Civil unrest in Iran has led to at least 21 deaths, and violent clashes between security forces and protesters that began in the northeastern city of Mashhad on 28 December have spread. Although the Iranian unrest initially focused on economic grievances, the religious establishment and security forces have subsequently been targeted by protesters.
Iran’s supreme leader Ali Khamenei, who despite being a cleric has de facto control of the army, accused the country’s enemies of causing the troubles, alleging that they had used “cash, weapons, politics and the intelligence services” to fan discontent.
The unrest has led to speculation that the United States may press to impose sanctions on Iran again. US and EU sanctions were lifted in July 2015 after the five permanent members of the UN Security Council and Germany, known as the G5+1, reached a deal with Iran on its nuclear programme. Iran and the joint commission of the G5+1 reiterated their commitment to the agreement, which former US President Barack Obama saw as his key foreign policy success, in December 2017.
However, current US President Donald Trump has repeatedly threatened to go back on the deal, and in a series of recent messages on Twitter blamed Iran’s leadership for the latest unrest. Calling the Iranian regime “brutal and corrupt”, he tweeted: “The people have little food, big inflation and no human rights. The US is watching.” Trump also alleged that “all of the money that President Obama so foolishly gave [Iran]” had either gone into the pockets of those in government or had been used to fund terrorism.
Oil prices settled close to a 30-month high on the first trading day of 2018. North Sea Brent crude oil futures hit a peak of $67.29 per barrel on 2 January, a 2% gain from the previous close and exceeding the 2017 high of $67.10/bbl reached on 26 December. The front-month contract closed at $66.24/bbl.
Iran is a major oil and gas producer, with the world’s fourth-largest proven crude oil reserves and the second-largest proven gas reserves. There is no sign yet that the troubles have affected oil and gas production, but if this were to happen it would have a major impact on the markets, as would the return of sanctions.
The sanctions imposed by the US and the EU in 2011 and 2012 had a profound effect on Iran’s energy sector. They caused a drop of around 1 million barrels per day (MMb/d) in Iran’s crude oil and condensate exports as European companies were banned from buying Iranian oil and a number of Asian refiners also cut their offtake. The sanctions also affected upstream investment in oil and gas projects, causing project cancellations and delays in implementing the planned 24-phase development of the South Pars expansion project.
Iran is OPEC’s third-biggest crude oil producer after Saudi Arabia and Iraq. Iran produced 3.9 MMb/d of crude oil in 2017, 2.1 MMb/d of which it exported. Iran’s crude oil production is currently around 720,000 b/d higher than it was in 2015 before US and EU sanctions were lifted.

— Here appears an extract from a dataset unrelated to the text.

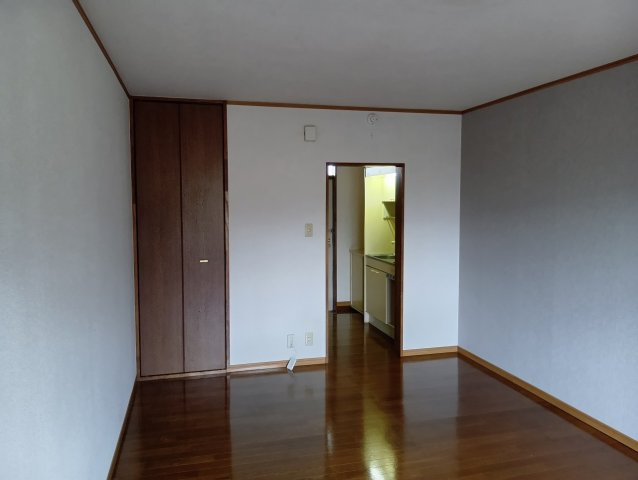レジデンス翔の洋室|洋室9.6帖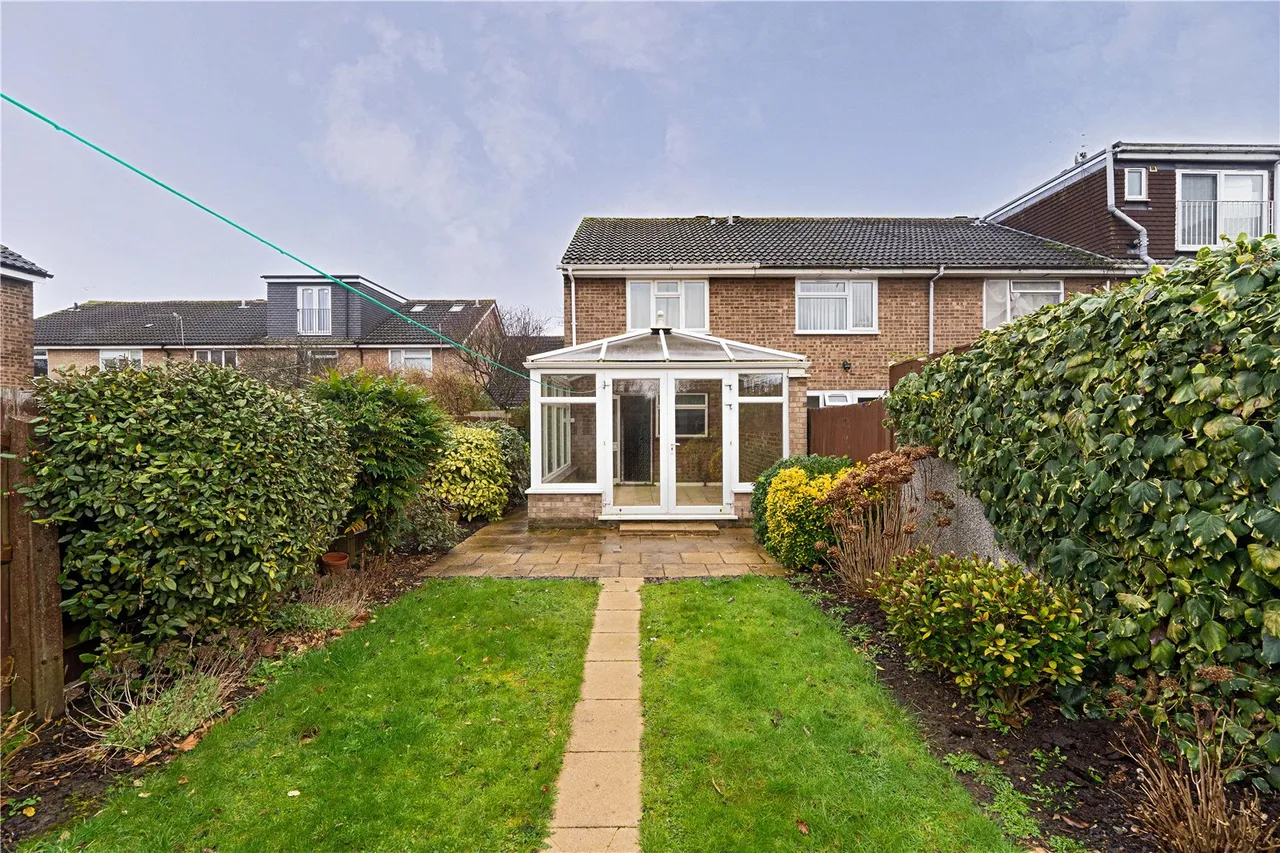Wordsworth Road, Hampton, TW12 1ET, photo 10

An estimated 62% of Iran’s crude oil exports went to Asia last year, while around 38% was sold to European refiners.
Iran is one of the world’s top five gas producers. It produced 202.4 billion cubic metres in 2016, up by 6.6% from 2015, according to BP Statistical Review of World Energy. But Iran consumes almost as much gas as it produces, so it is not a major exporter. BP estimates Iran’s consumption reached 200.8 bcm in 2016, up by around 5% from the previous year, while exports stood at 8.4 bcm – more than 90% of which went to Turkey.